■ WHAT YOU HAVE TO DO:
Only the lines from the one containing "Verrines A La" through the end of the records should be retyped, exactly and including both ends; pictures stay out.

■ RECORDS PROVIDED:
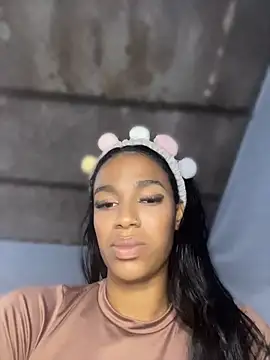 FlorSalvaje_ Chat XXX in diretta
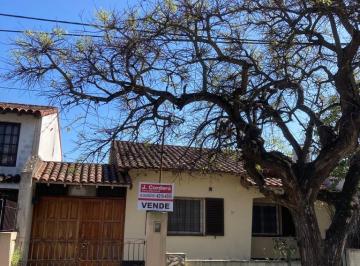 Casa de 3 ambientes, Quilmes · Chalet en Venezuela Al 2900 Casi Unamuno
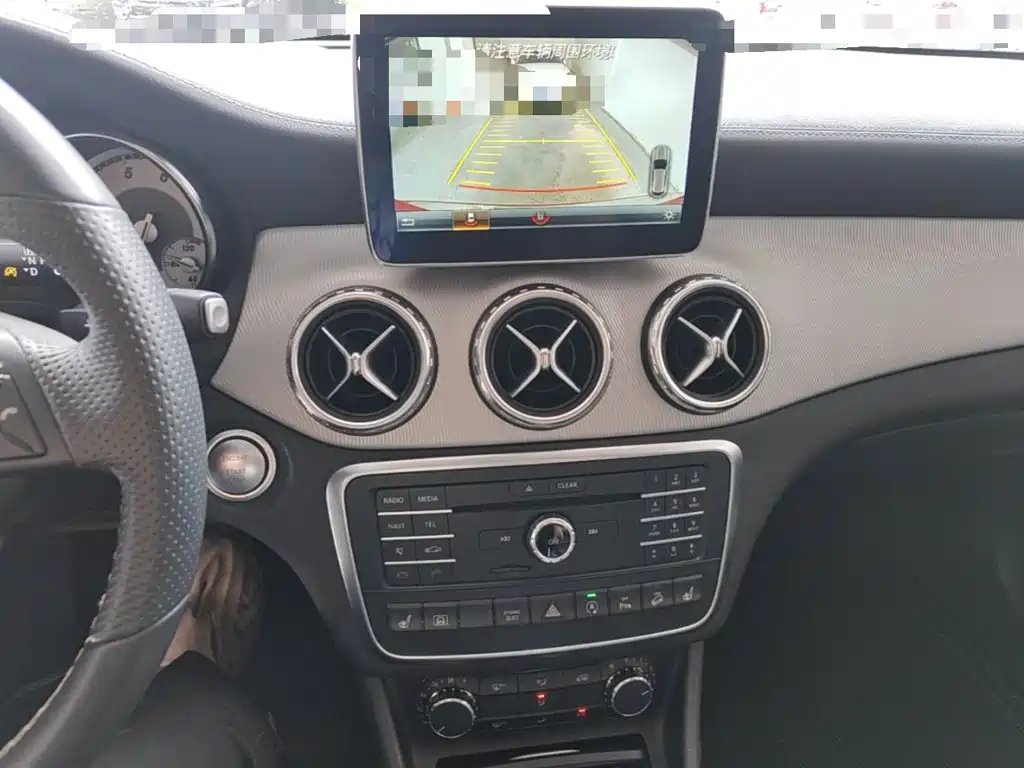 Mercedes-Benz GLA 2016 — фото 13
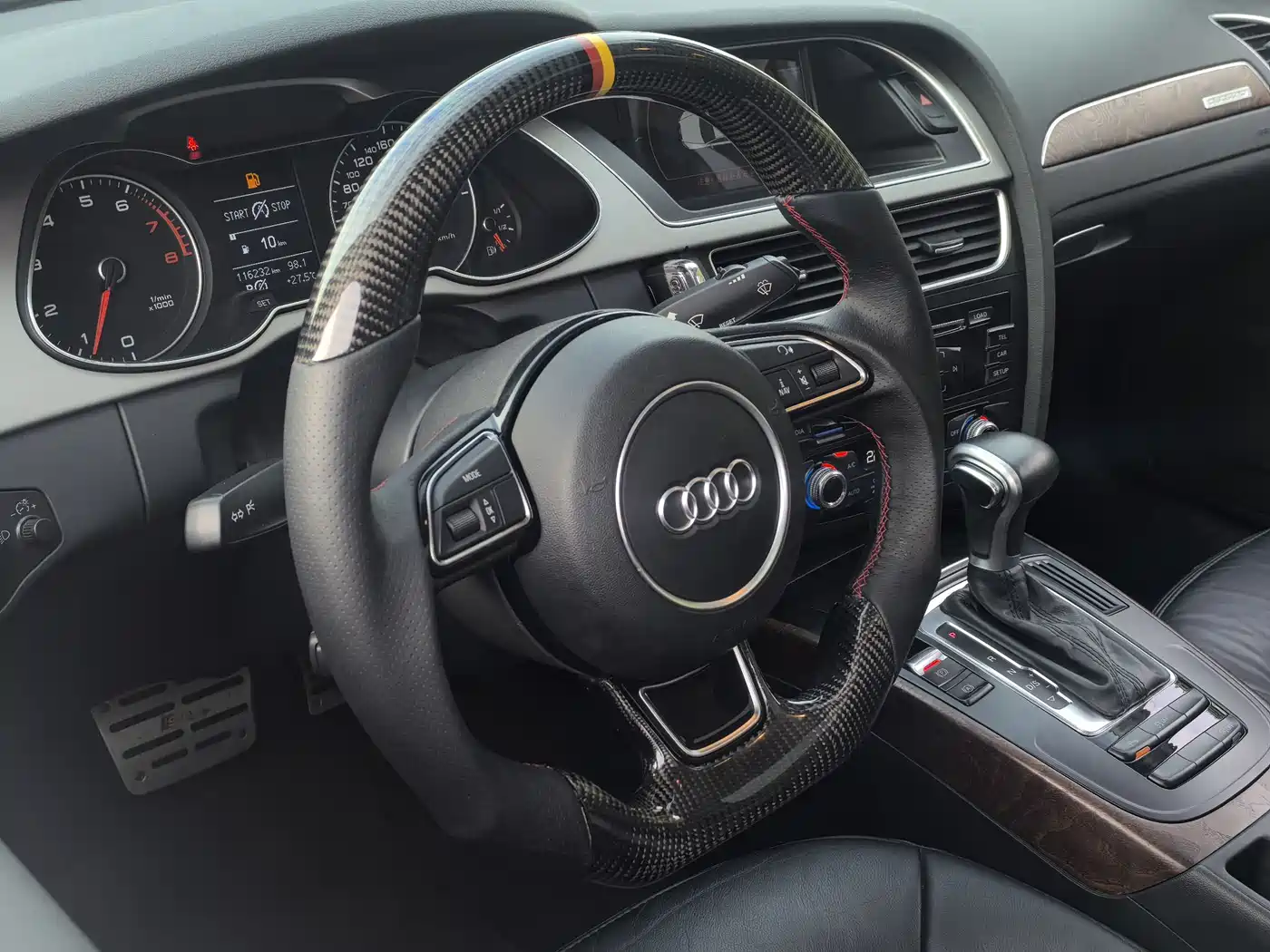 Audi A4L 2015 45 TFSI quattro Individual Sport фото 16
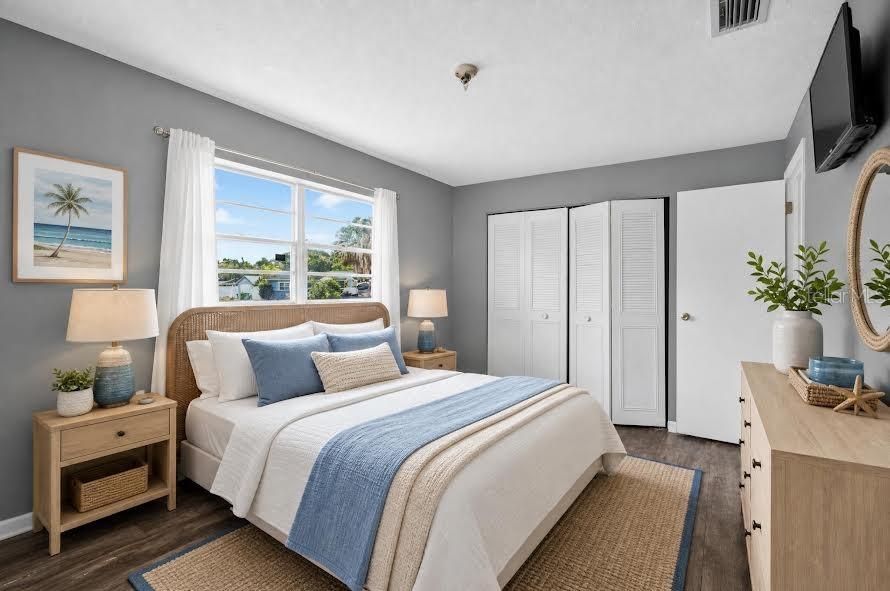For Sale: $225,000 (3 beds, 2 baths, 1210 Square Feet)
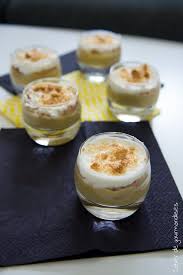 Verrines A La Compote De Rhubarbe Recette Compote Rhubarbe Rhubarbe Dessert Rhubarbe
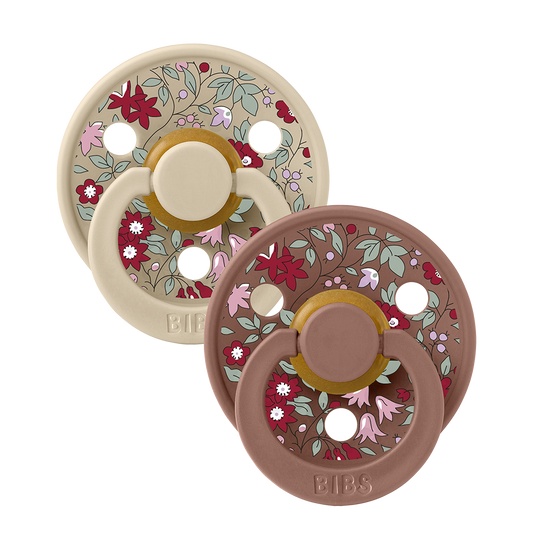 https://www.vanastenbabysuperstore.nl/media/catalog/product/1/9/1912800205_2_fopspeen_bibs_x_liberty_round_chamomile_woodchuck_mix_06mnd_2st.png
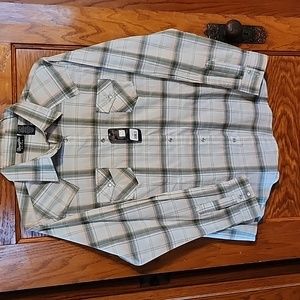 Women's Wrangler pearl snaps *NWT*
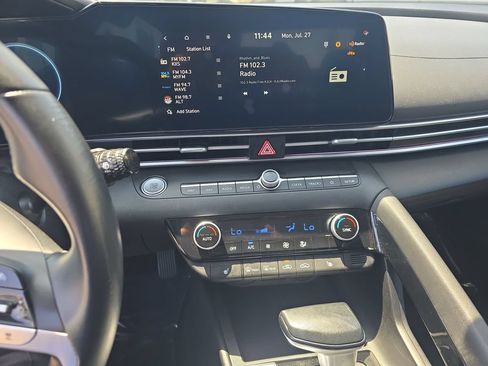 Used 2025 Hyundai Elantra SEL FWD image 16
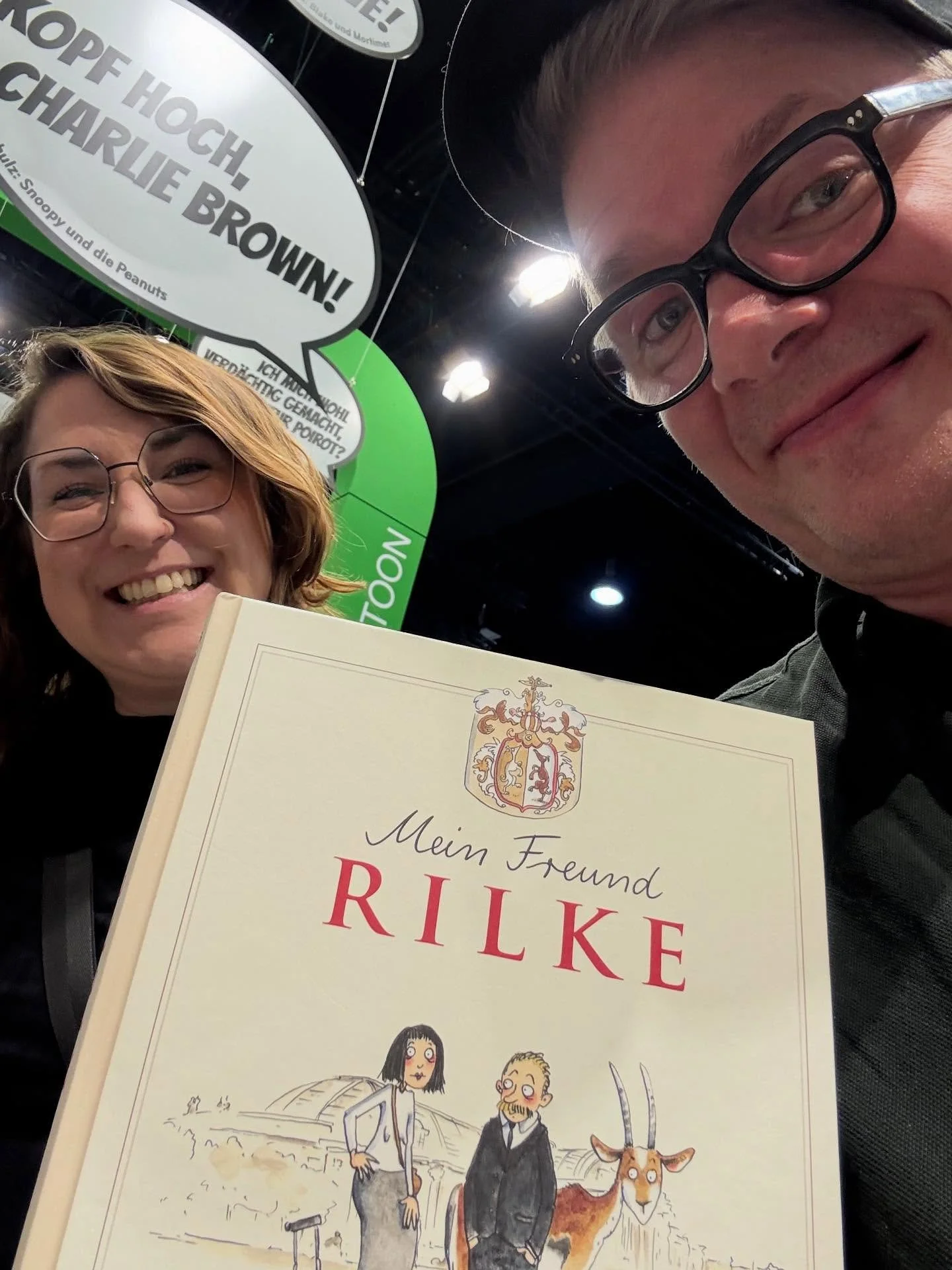 Hab kaum Fotos gemacht auf der Buchmesse. Obwohl ich kaum Termine hatte, war ich doch sehr beschäftigt, immer wenn man sich was anschauen wollte, kam man wieder ins Gespräch mit jemandem. Ich habs nicht mal geschafft, bei meinem franzö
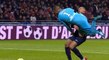 Lyon vs PSG Incroyable blessure de Kylian Mbappe choc vs Anthony Lopes (Amazing injury) KO de Mbappé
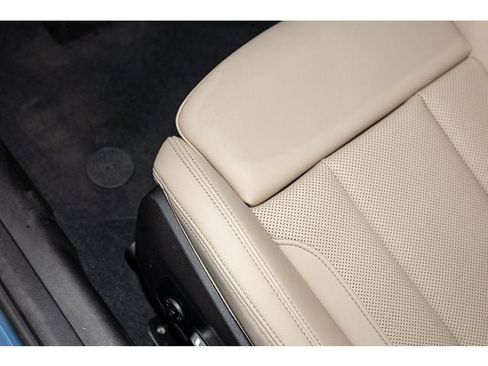 New 2026 BMW 330i xDrive Sedan AWD/4WD image 56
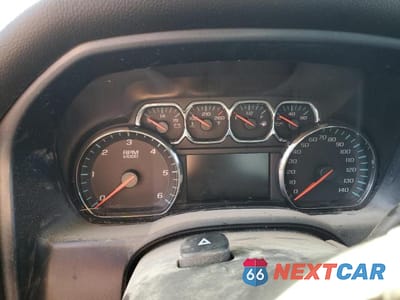 Zdjęcie 9 z 12 samochodu: 2018 CHEVROLET SILVERADO K1500 LT VIN:1GCUKREC5JF248083 - miniatura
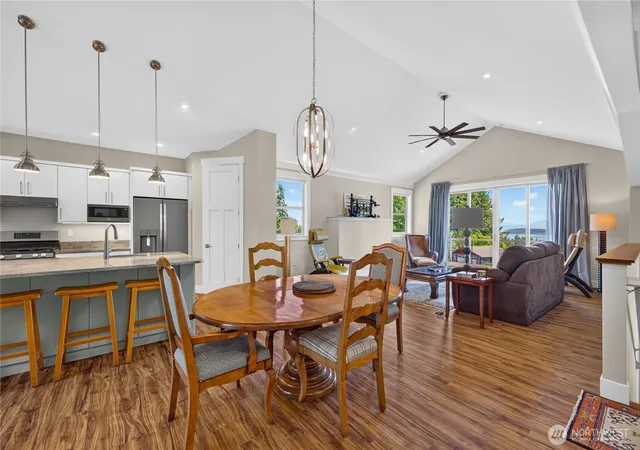 Photo 4 of Single family home for sale at 4402 East Ave, Anacortes, WA 98221 | MLS# NWM2583085 | Listing updated on 2026-09-30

■ TASK RESPONSE:
 Verrines A La Compote De Rhubarbe Recette Compote Rhubarbe Rhubarbe Dessert Rhubarbe
 https://www.vanastenbabysuperstore.nl/media/catalog/product/1/9/1912800205_2_fopspeen_bibs_x_liberty_round_chamomile_woodchuck_mix_06mnd_2st.png
 Women's Wrangler pearl snaps *NWT*
 Used 2025 Hyundai Elantra SEL FWD image 16
 Hab kaum Fotos gemacht auf der Buchmesse. Obwohl ich kaum Termine hatte, war ich doch sehr beschäftigt, immer wenn man sich was anschauen wollte, kam man wieder ins Gespräch mit jemandem. Ich habs nicht mal geschafft, bei meinem franzö
 Lyon vs PSG Incroyable blessure de Kylian Mbappe choc vs Anthony Lopes (Amazing injury) KO de Mbappé
 New 2026 BMW 330i xDrive Sedan AWD/4WD image 56
 Zdjęcie 9 z 12 samochodu: 2018 CHEVROLET SILVERADO K1500 LT VIN:1GCUKREC5JF248083 - miniatura
 Photo 4 of Single family home for sale at 4402 East Ave, Anacortes, WA 98221 | MLS# NWM2583085 | Listing updated on 2026-09-30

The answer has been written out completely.